Here's William Safire on Larry King last night:
Let me ... see if I can move the story of this story al Qa Qaa forward a little bit.
We now know from CBS's admission that CBS planned to broadcast this story, which we call in journalism, a keeper, one that's kept for its greatest impact. They planned to broadcast it next Sunday night, 36 hours before the polls opened. That is known as a roar back. That's a last-minute, unanswerable story, and it would have been all over the papers Tuesday morning as people went to the polls. Now, I think that's scandalous.
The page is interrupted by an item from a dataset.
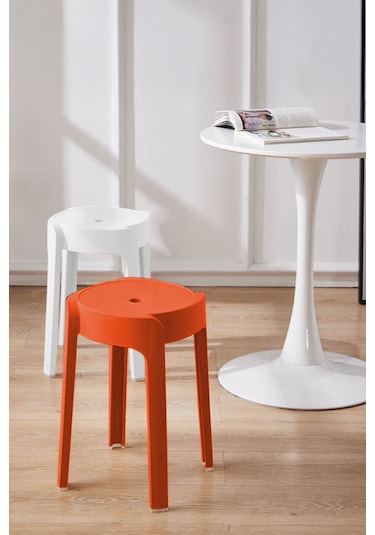 Kaymaz Ayaklı İçiçe Geçebilen Plastik Tabure 4adet Turuncu-beyaz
What happened, because "The New York Times" was working with CBS on the story, and I don't work on the news side of the "Times" at all, so I'm speculating, the "Times," either -- probably from a combination of ethical and competitive standards decided, no, we're not going to hold this story. We're going to go with it now. And they went with it on Monday. And -- but just think for a minute, if the plan had gone ahead, we wouldn't have had this debate this week where it's possible we could shoot some holes in this story or focus on the attack on the integrity of the examination by the troops that were there.
And instead, we would have had a last-minute manipulation of the election.
That's interesting. Maybe I shouldn't be too hard on the Times. While they did run with a bogus story (or at least one that they couldn't verify), they did make the decision not to hold it until right before the election. Somebody over there still has a shred of integrity.